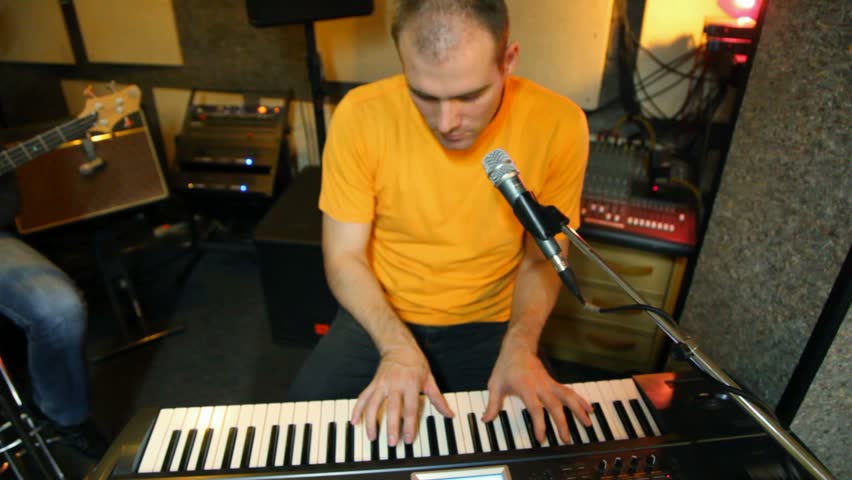 yellow T-shirted keyboard player playing on synthesizer in studio 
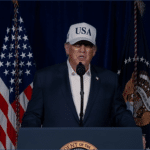President Donald Trump speaks at podium wearing USA cap while announcing military strikes against Iran from Mar-a-Lago, February 28, 2026
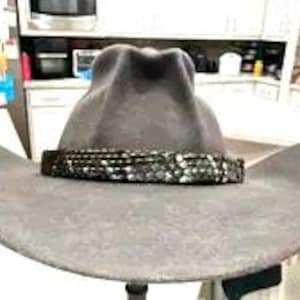 May include: A grey cowboy hat featuring a wide, curved brim and a high, pinched crown. A dark, textured band with a repeating metallic scale-like pattern encircles the base of the crown, providing a distinct contrast to the solid grey felt material.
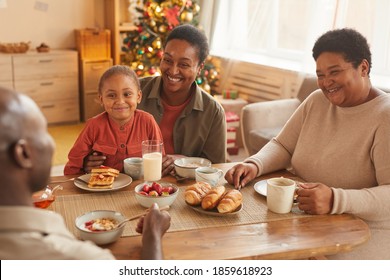 Warm toned portrait of happy African-American family enjoying tea and snacks while celebrating Christmas at home - Powered by Shutterstock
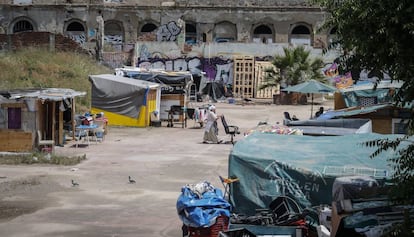 Una mujer traslada una silla en el campamento de la calle Bilbao.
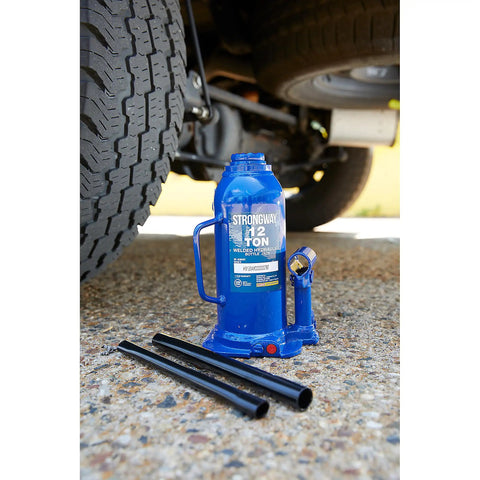 Badass 12 Ton Hydraulic Bottle Jack With High Grade Steel Welded Base For No Sweat Shop Grind Daily Auto Repair And Farm Hauling 15.94 To 18 Inch Lift Height Built Legit next to vehicle tire on gravel.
● ● ●
Task brief:
The response should consist of the lines above from the first through the one containing "President Donald Trump", transcribed exactly, with every picture left out.

Response area:
 yellow T-shirted keyboard player playing on synthesizer in studio 
President Donald Trump speaks at podium wearing USA cap while announcing military strikes against Iran from Mar-a-Lago, February 28, 2026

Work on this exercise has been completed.